3. Put the peas and carrot bits into a flat pot with a bit of water, stew until soft after adding salt, ginger and clarified butter.
4. Combine all the ingredients – add the quinoa and meat to the vegetables and mix. All done 🙂
This meal’s pH is close to neutral and it is nutritious enough not to require supplementation. If you substitute beef for the poultry, you should supplement 10 mg of vitamin B6. If you replace quinoa with pearl barley or rice, supplement 25 mg of vitamin B6.
Crunchy, tasty and nutritious 🙂
The ingredients for about 30 cookies:
– 100g of butter
– 80g of xylitol
– 1 egg
– 50g of millet flakes
– 50g of unsweetened cornflakes
– 60g buckwheat flour
– 20g corn starch
– 50g ground almonds or other nuts
– 50g almond flakes (chopped almonds)
– 50g ground dark chocolate (optional, you can skip this or use the chocolate as glaze after the cookies are baked)
– 1 heaped teaspoon of cocoa powder (or a tablespoon if you didn’t add the chocolate)
– 1/2 of a flat teaspoon of baking soda
1. Cream the butter with xylitol, then add the egg and mix.
2. Mix all the dry ingredients and add them to the creamed butter.
3. Form cookies and place them on a tray lined with baking apper.
4. Bake in 180C [350F] for 13 minutes.
Because of their cocoa, nut and buckwheat flour content, the cookies require supplementing vitamin B6 (25mg with 5-6 cookies).
We call it “chinese” 🙂 It’s a mix of vegetables, rice noodles and meat.
For 2-3 people, you’ll need:
– a piece of steak meat (it can be a different type of meat)
– half a package of rice noodles (thick or thin)
– a handful of dried Chinese fungi (Jew’s ear/jelly ear)
– a couple of carrots
– a piece of leek
– an onion
– bamboo sprouts
– green bell pepper
– olive oil
– 50ml of soy sauce
– a teaspoon of xylitol
– a teaspoon of lime juice
– spices: salt, dried garlic, dried ginger, chili
1. Soak the mushrooms in hot water for 10 minutes and then boil for 15 more minutes.
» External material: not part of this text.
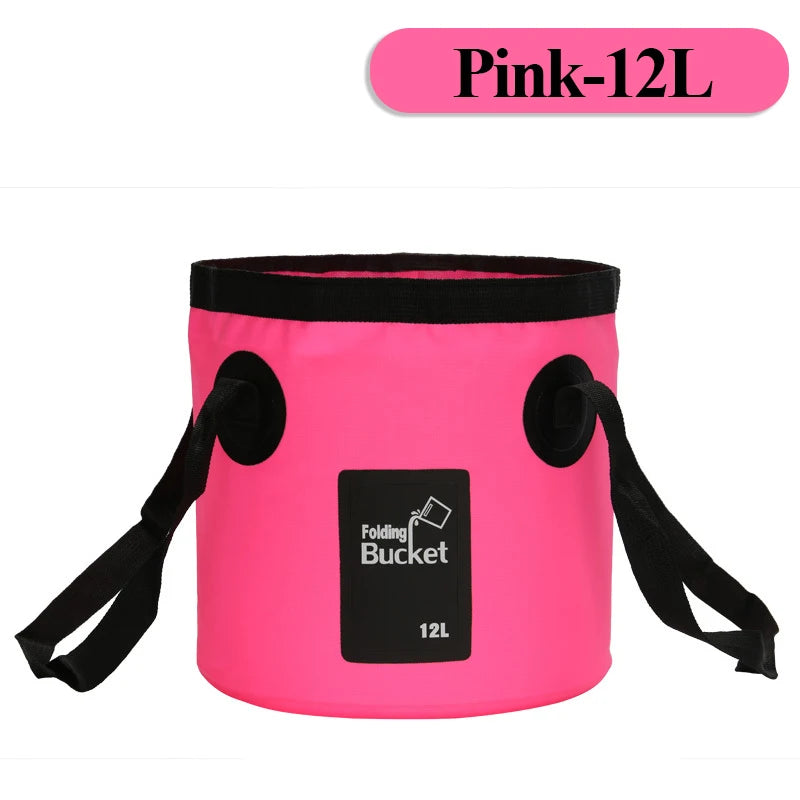 12/20L Portable Folding Bucket, Foldable Fishing Bucket, Camping Water Storage Container Collapsible Outdoor Travel Water Bucket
If they’re not pre-cut, cut them into stripes.
2. Chop the meat, spice it with salt, chili and garlic and fry briefly on the pan.
3. Cut the carrots, onion and pepper into thin stripes and the leek into semicircles.
4. Fry the vegetables on olive oil, adding salt and the combination of soy sauce, xylitol and lime juice. The vegetables are supposed to be slightly stewed, half-raw.
5. Add the bamboo sprouts, mushrooms and meat.
6. Prepare the rice noodles in a separate pot, according to the instructions on the package, which usually means putting it in hot water for 5 minutes. If the noodles are too long and hard to break before cooking, you can cut it with a pair of scissors afterwards. When it’s too long, not only is it uncomfortable to eat, but also hard to mix with the other ingredients.
7. Add the strained noodles, mix and serve.
This dish contains everything the body needs (protein, carbohydrates, vitamins and elements). Stewed vegetables are easier to digest than raw ones and maintain most of their nutritional contents. With these proportions, the dish is neutral and self-sufficient in terms of B vitamin content, especially if prepared with poultry. If served with beef or pork, you should supplement 10-25 mg of vitamin B6, depending on the amount of meat.